Debt consolidation essentially is a way to refinance a few or even all of your debts into a new account. Typically, this account has much more advantageous terms, such as a lower interest rate or a fixed term rather than a revolving term. Many people who have successfully consolidated their debts have been able to lower their monthly debt payments, reduce interest charges, pay debt off faster and achieve other significant benefits. If you have never consolidated personal debts before, you may understandably feel intimidated and confused by the process. However, when you walk through these seven simple and straightforward steps, you may be able to start taking advantage of the benefits of debt consolidation yourself.
Seven Steps to Get a Debt Consolidation Loan
- Create a Detailed List of Your Debts
- Explore Opportunities for a Secured Debt Consolidation Loan
- Review Unsecured Debt Consolidation Loan Programs
- Use a Debt Consolidation Calculator
- Get Pre-Qualified
- Decide Which Debts You Wish to Consolidate
- Finalize the Consolidation Loan Paperwork
The Seven Steps Explained
Some people have a misconception that consolidation is always the right way to tackle a personal debt problem, but this is not the case. Some consolidation loan options may not offer substantial benefits. In order to find a suitable consolidation loan program to use, you must first understand what your debt situation is. Spend a few minutes listing each personal debt that you have. For each account, include the minimum monthly payment required, the outstanding balance, the interest rate, if the account is fixed or revolving and how many months remain on a fixed term loan. It may also be wise to revise your list so that the accounts are listed in order based on the monthly payment amount or the interest rate.
There are two primary types of consolidation loans, and one of these is a secured loan. The most common type of secured loan is a home equity loan. You will need to have sufficient equity in your home to qualify for a suitable loan amount. Home loans usually have very low interest rates compared to credit cards and many other types of debts, so the interest savings could be substantial. One thing to watch out for, however, is the loan term. You may take out an equity loan that takes decades to pay off. On the other hand, you may be able to eliminate your debts faster if you keep them in their current format. You will need to weigh the pros and cons of all options before you decide how to proceed.

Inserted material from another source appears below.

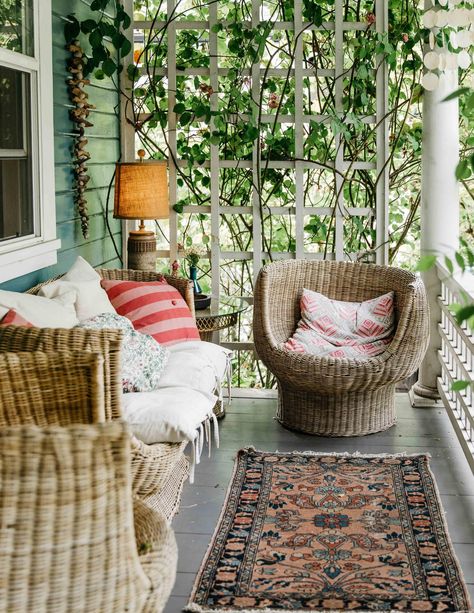 This comfy front porch Boho Front Porch, Homes Farmhouse, Balkon Decor, Deco Boheme Chic, Porch Uk, Farmhouse Front Porches, Front Porch Ideas Curb Appeal, Summer Porch, Farmhouse Front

There are also unsecured debt consolidation loan options. Some people will consolidate two or more credit card accounts into a single credit card account. This may work well if you have a great offer on balance transfers. However, because credit cards have a revolving term, taking out an unsecured bank loan may be a better idea. A bank loan typically has a fixed term and a lower rate than credit cards have. Therefore, a bank loan may allow you to pay off most or all of your debt within a few years with a fixed payment plan.
There are numerous ways to consolidate debt, and each option may be more or less advantageous to you. After you get to know more about the feasible options available, you need to compare the pros and cons. One way to determine which debt consolidation loan program is financially advantageous is to use an online consolidation calculator. These calculators vary, but you can usually quickly determine the financial savings and payoff debts for each loan program you are thinking about using through the use of an online calculator.

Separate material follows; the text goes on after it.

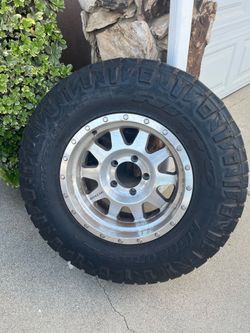 NITTO 285/75R17 Tire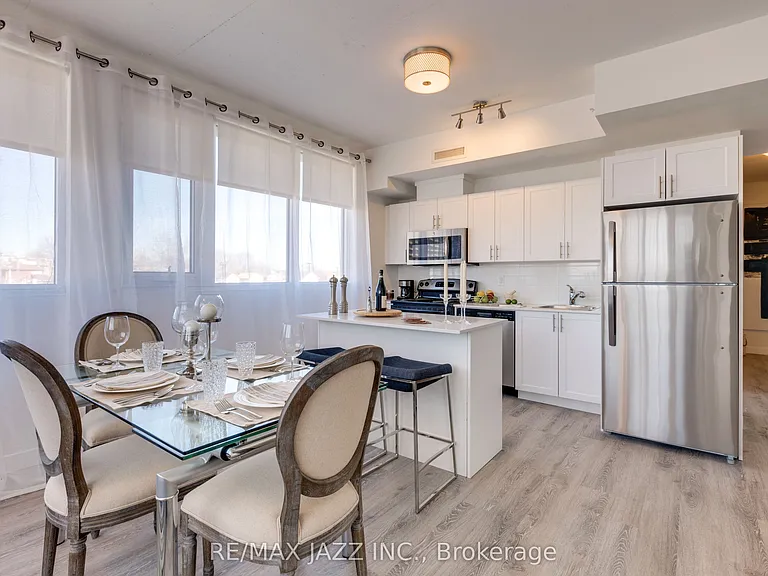 100 Bond St E #1014 — Photo 8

Your next step involves getting pre-qualified for the loan program that you are most interested in. A credit card balance transfer does not have a pre-qualification process. You simply contact the credit card company to initiate the balance transfers. If you intend to apply for a home equity loan, a bank loan or any other type of new loan, contact the lender to determine the pre-qualification process. This important step will tell you if the program that you are interested in is feasible.

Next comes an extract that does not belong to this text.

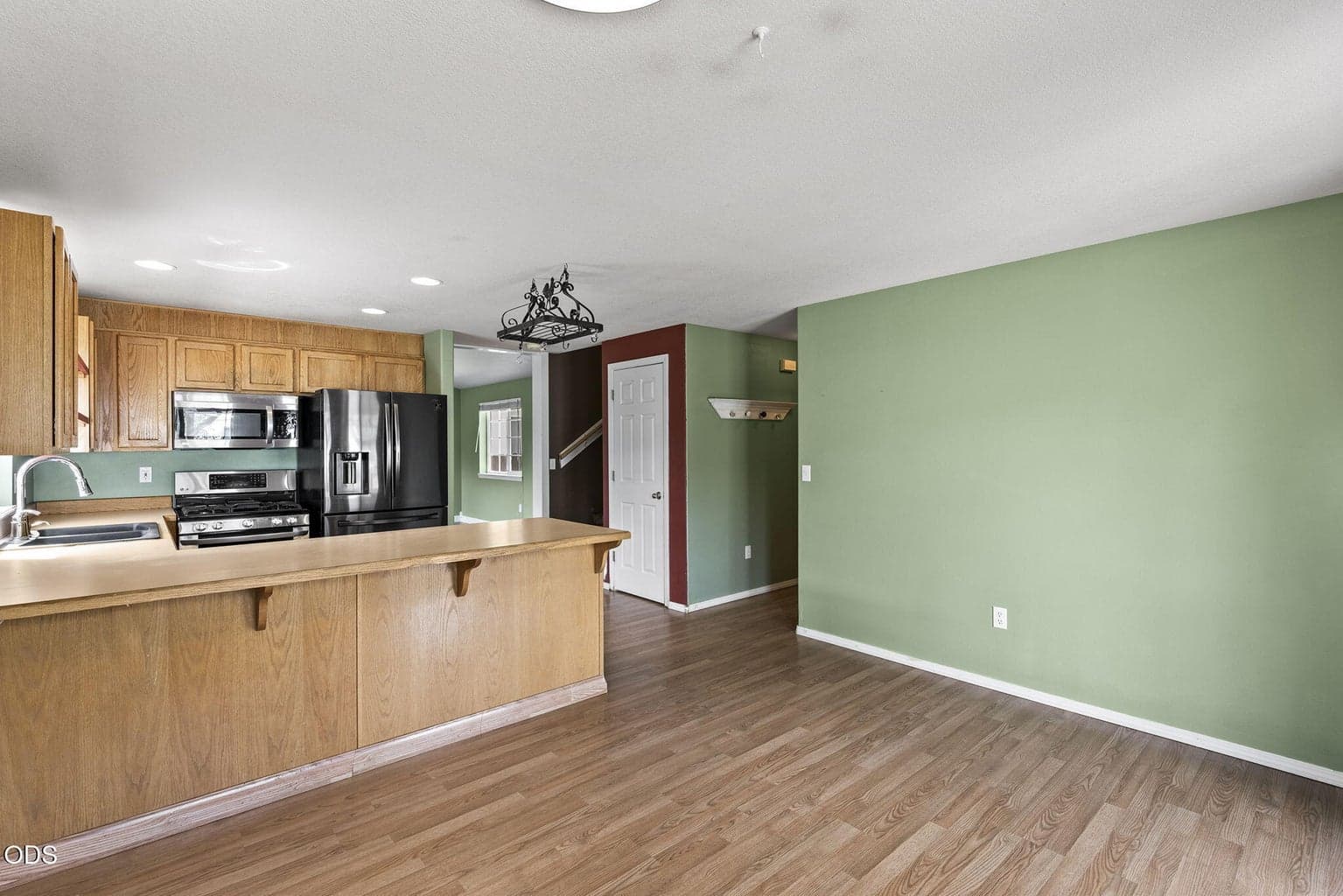 Photo of 2834 SW 27th Court 6 of 41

Keep in mind that you do not necessarily need to consolidate all of your debts. Some people find that they cannot qualify for a large enough loan to cover all of the debts, but they can benefit through a partial consolidation. Others decide that they are so close to paying off an account or two that they keep those debts out of their consolidation efforts. After you have decided which debts you want to consolidate, you simply complete the lender’s application process and start taking advantage of the benefits of debt consolidation.